In my opinion Greb won this fight by such a decisive margin that after the tenth round Tunney would have had to score a knockout to earn a victory. Greb swarmed all over the pride of Greenwich Village, hit him with everything but the water bucket, cut both his eyes, and had his nose bleeding – but lost the decision! Greb has never fought a better or a cleaner fight than this one in the Garden. It was Tunney who roughed and butted with his head. Greb did hold a bit now and then, but so did Tunney.
The Pittsburgh Windmill is the middleweight champion of the world, but last night weighed 171½lbs. The extra weight didn’t hurt him a bit. He was faster than ever, and tireless.
When the bout ended and Joe Humphreys announced Tunney as the winner, there was sustained booing and hooting. Tunney was given the raspberry as he left the ring and Greb was cheered to the echo.
Several thousand fans refused to leave the amphitheatre after the decision. They tried to crowd to the ringside, hooting and shouting derisively. One excited man reached the press seats, and was edged none too gently out of the Garden by three special officers.
Chairman Williams McCormrick of the licence committee of the State Athletic Commission was at the ringside. So was Senator James J. Walker, who sponsored the bill under which boxing is legalised in the State. There should be food for reflection for both of these gentlemen in the scene they witnessed last night.
The referee was Louis Magnolia. The judges were Charles Mathison and Frankie Malden. How they voted I do not know, but we can find out from the State Athletic Commission.
In the semi-final the decision was almost as bad as in the final bout. There was a different referee, but the same judges, and Roland Todd, England’s middleweight champion, who beat Tommy Loughran decisively in my opinion, lost the official verdict.
Tunney opened a 9 to 5 favourite in the betting. He went to 2½ to 1 before the fighters entered the ring. I offer this for what it’s worth, without comment.

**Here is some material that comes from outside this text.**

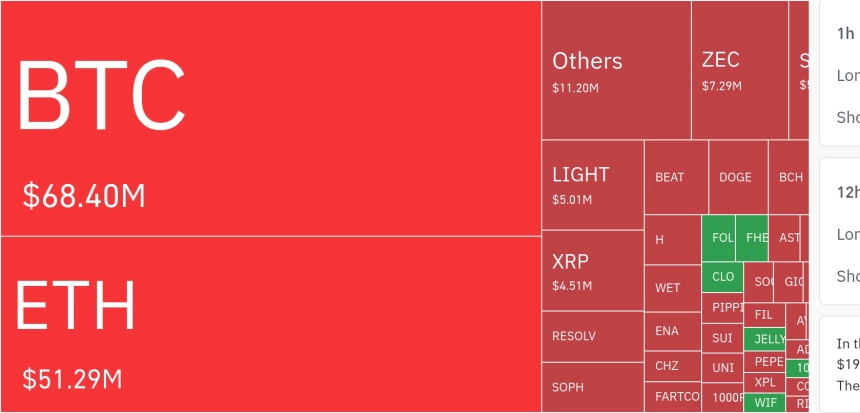 암호화폐 시장, 24시간 동안 레버리지 포지션 1억 3089만 달러 청산…숏 비중 69.93%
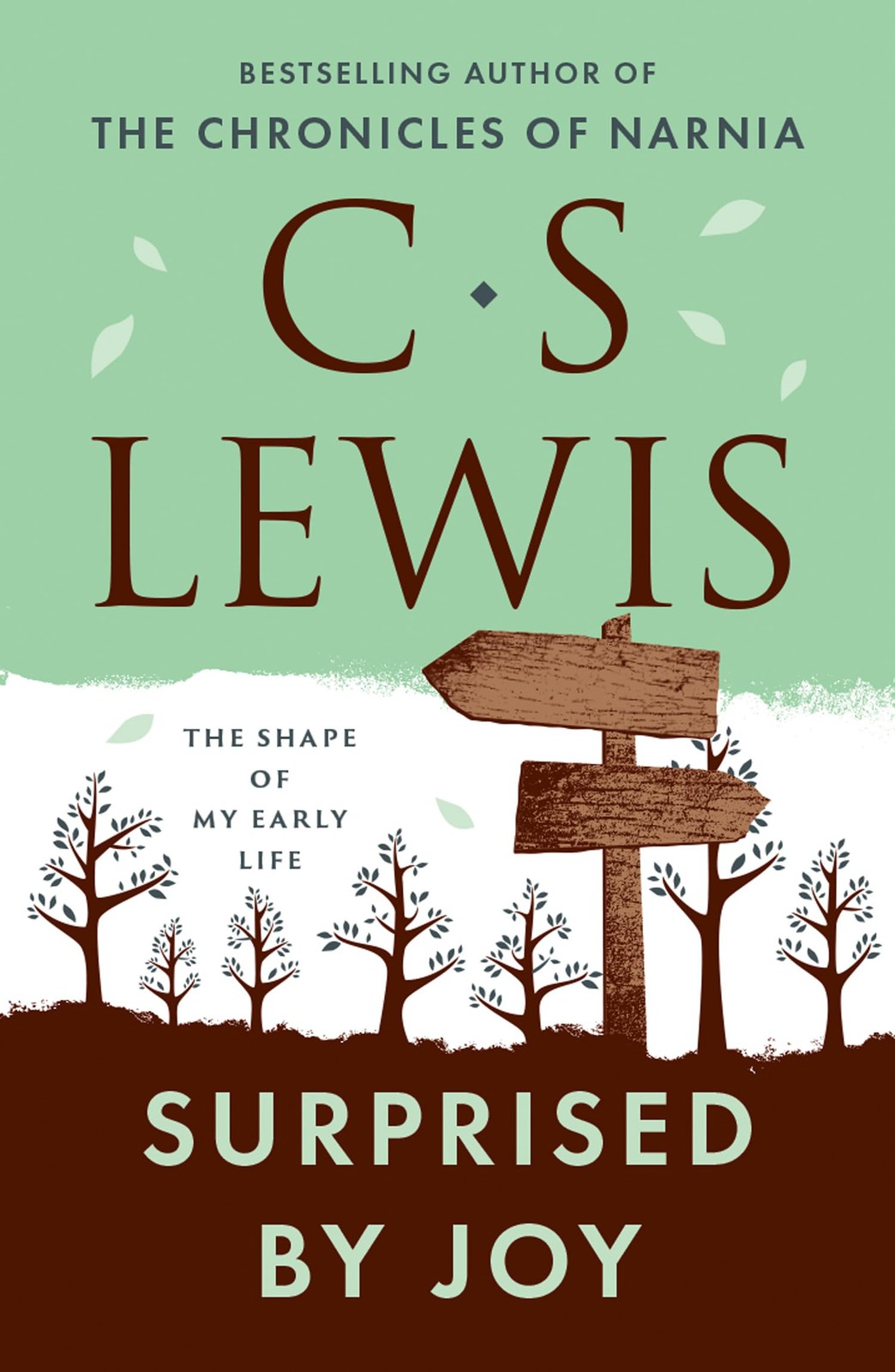 Surprised by Joy C. S. Lewis Signature Classic by C S Lewis PAPERBACK - Image 9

Tunney Fouls Without Rebuke
After the last fight between Tunney and Greb, in which the former won the light-heavyweight title that he retained last night by virtue of dubious decision, it was said in defence of the verdict rendered that Greb fouled continually. Last night Tunney butted Greb with his head four or five times. greg fought in his usual whirlwind style, but was not guilty of any questionable tactics.
According to my count Greb won ten rounds, Tunney four, and one was even. The Pittsburger had the Greenwich Villager bewildered with his speed.
It was a fast and furious battle all the way. They fought like lightweights, and it was wonderful that they could sustain the dizzy pace they set over fifteen rounds. At the finish Tunney was rather weary, but Greb looked as if he could keep going for fifteen more rounds.
Battling Siki was introduced before the battle began and made a big hit with the crowd. He was arrayed in evening clothes and carried a cane. He shook hands with everyone in the ring, including the photographers, bowed profusely and as a parting shot rubbed his hand over Joe Humphrey’s bald head.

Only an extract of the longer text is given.